------ DATA FOR ANALYSIS

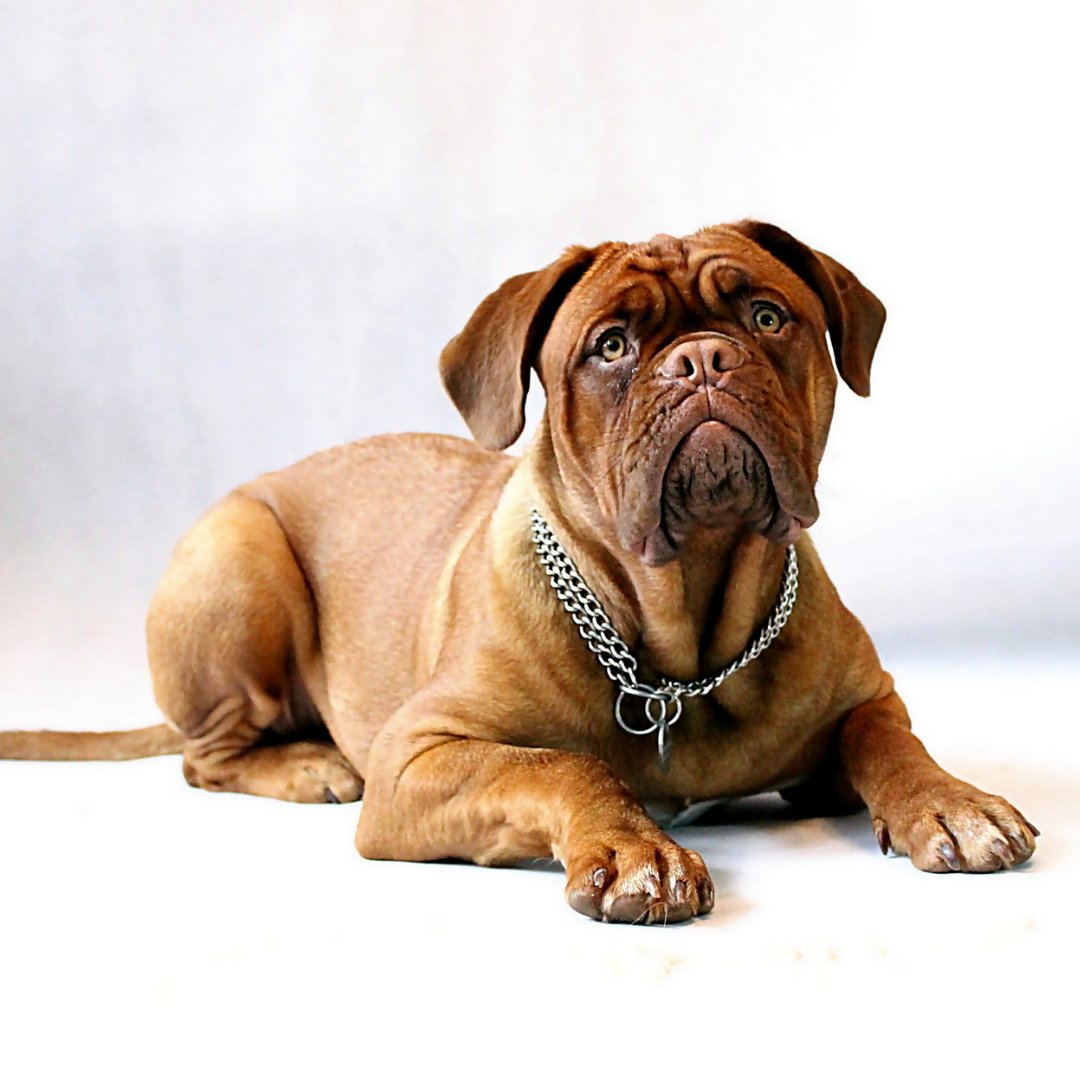 Hund, stor brun hund med rynkete ansikt og metallhalsbånd ligger og ser rett mot kameraet.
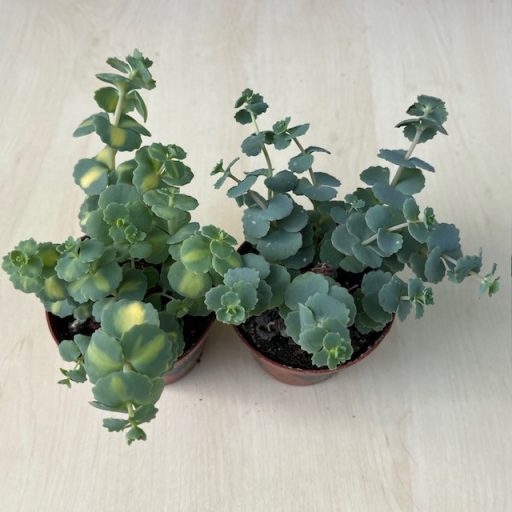 Októberi varjúháj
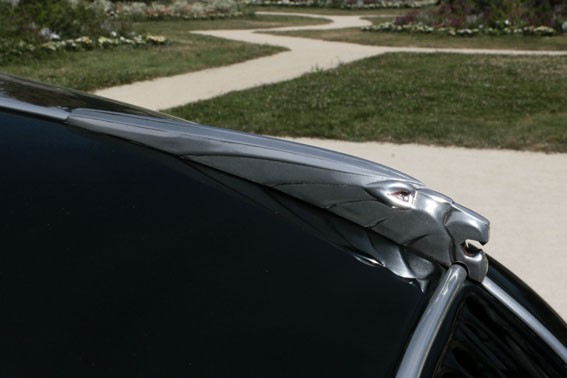 Mg 9818web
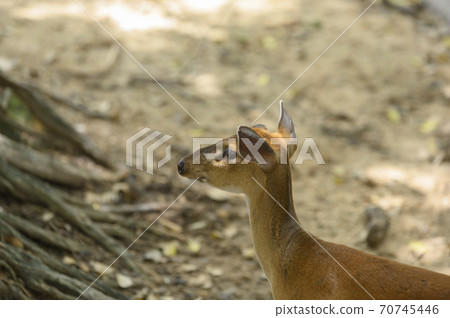 Deer on abstract background 70745446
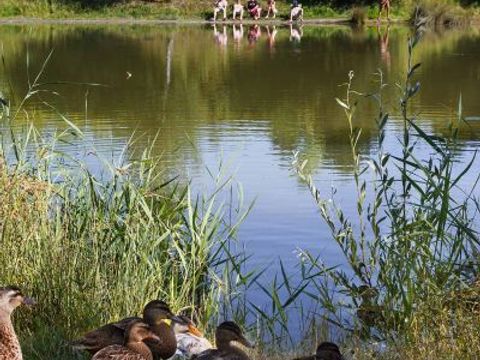 Camping Ferme de la Hooghe Moote - Camping Nord - Image N°15
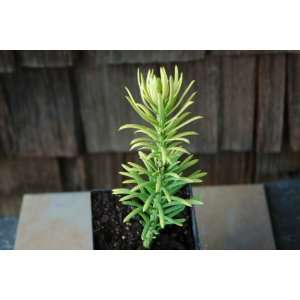   Harringtonia Korean Gold   Plum Yew Tree / Bush Patio, Lawn & Garden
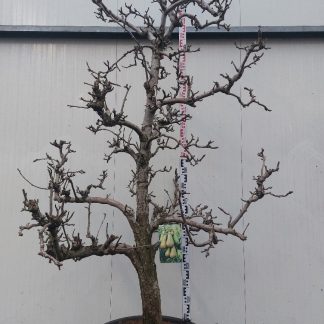 perenboom conference 30-35 cm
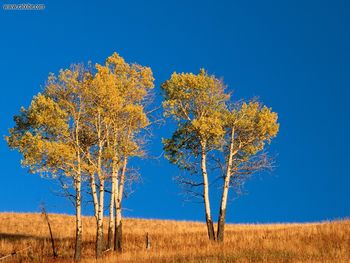 Autumn Aspen Trees And Sunset Yellowstone National Park Wyoming screenshot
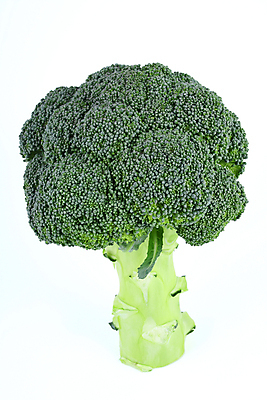 포토 JPG 해외이미지 음식 줄기 잎 다이어트 채소 건강 요리 사람없음 초록색 컬러풀 요식업 저녁식사 흰색 신선 최고 고명 몸무게 브로콜리 날씬함 유기농 날것 칼로리 섬유 성분 내추럴 점심식사 고립 식욕 적자 해외202004 해외포토 식물 웰빙 산업 컬러 식사 직물 몸매 파일형식 이미지허브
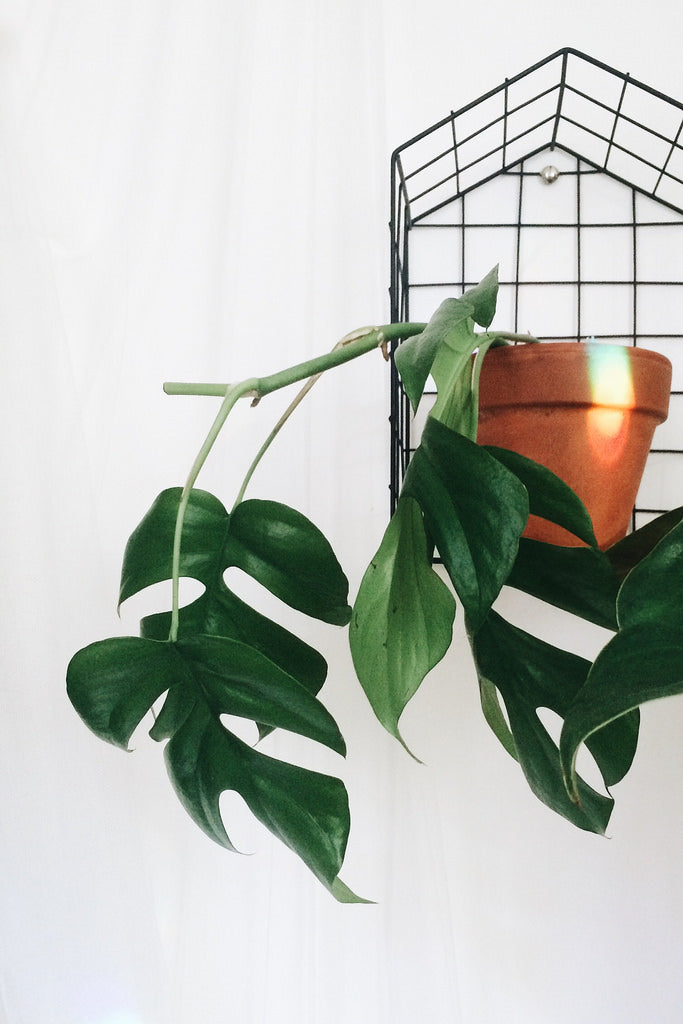 Mini Monstera Care Guide (Rhaphidophora tetrasperma)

------------

» **YOUR INSTRUCTIONS**: Set down, word for word, the line that holds "Camping Ferme de" and all lines after it to the end of the entries above, but not the pictures.

» **FINAL ANSWER**:
 Camping Ferme de la Hooghe Moote - Camping Nord - Image N°15
   Harringtonia Korean Gold   Plum Yew Tree / Bush Patio, Lawn & Garden
 perenboom conference 30-35 cm
 Autumn Aspen Trees And Sunset Yellowstone National Park Wyoming screenshot
 포토 JPG 해외이미지 음식 줄기 잎 다이어트 채소 건강 요리 사람없음 초록색 컬러풀 요식업 저녁식사 흰색 신선 최고 고명 몸무게 브로콜리 날씬함 유기농 날것 칼로리 섬유 성분 내추럴 점심식사 고립 식욕 적자 해외202004 해외포토 식물 웰빙 산업 컬러 식사 직물 몸매 파일형식 이미지허브
 Mini Monstera Care Guide (Rhaphidophora tetrasperma)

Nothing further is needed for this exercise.